Available data:

+---+

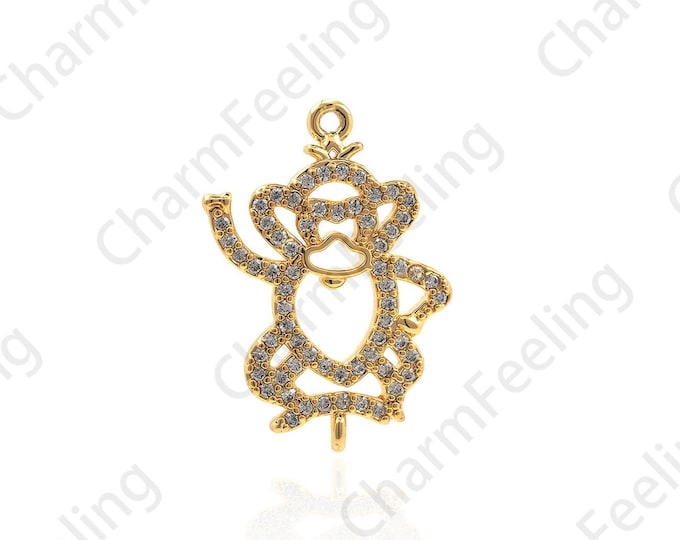 18K Gold Filled Monkey Necklace, Monkey Pendant, Monkey Pendant, Line Monkey Pendant, Micropavé CZ Monkey Pendant, 22x15.5x2mm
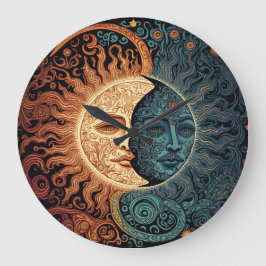 Retro Moon & Sun Grote Klok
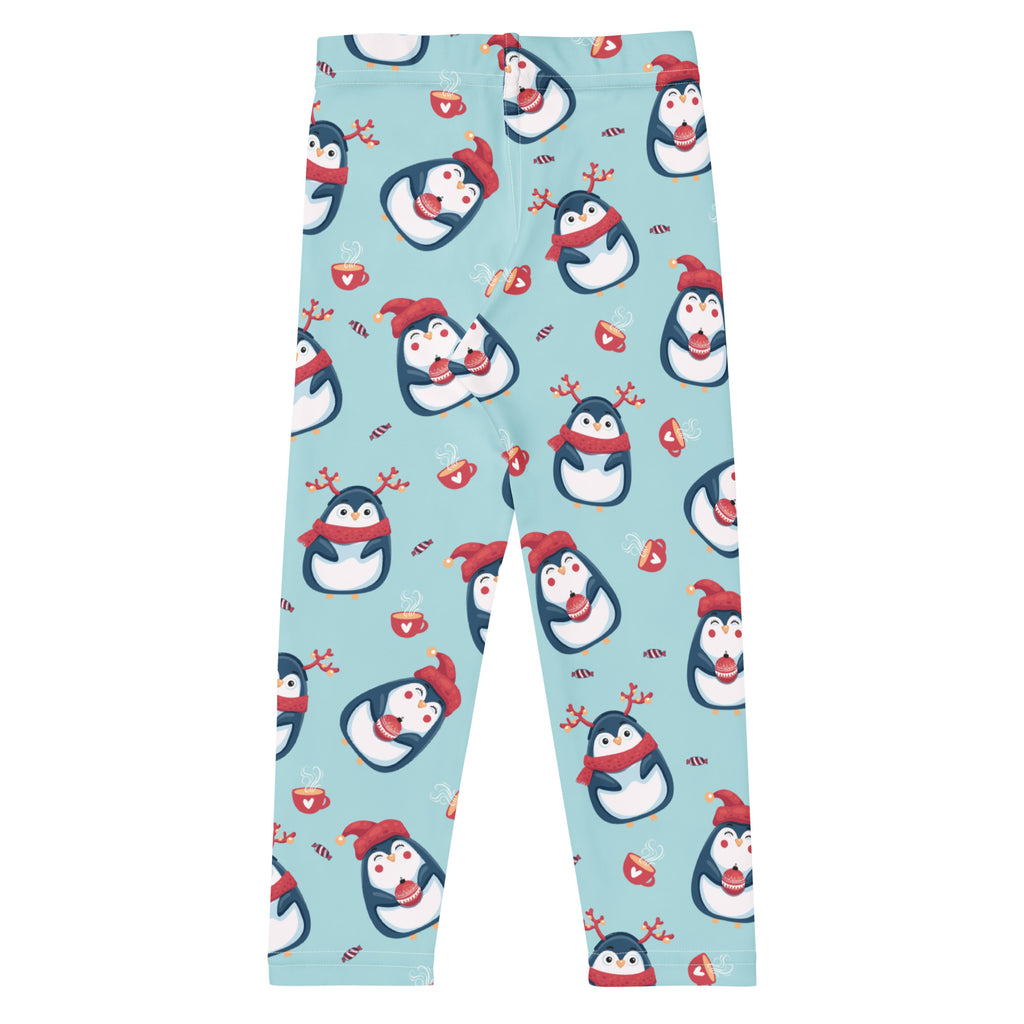 Light blue girls cute penguin Christmas buttery soft leggings with playful red hat penguin print and festive elements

+---+

Activity: Retype the listing exactly. Pictures do not belong in the copy.

Answer box:
 18K Gold Filled Monkey Necklace, Monkey Pendant, Monkey Pendant, Line Monkey Pendant, Micropavé CZ Monkey Pendant, 22x15.5x2mm
 Retro Moon & Sun Grote Klok
 Light blue girls cute penguin Christmas buttery soft leggings with playful red hat penguin print and festive elements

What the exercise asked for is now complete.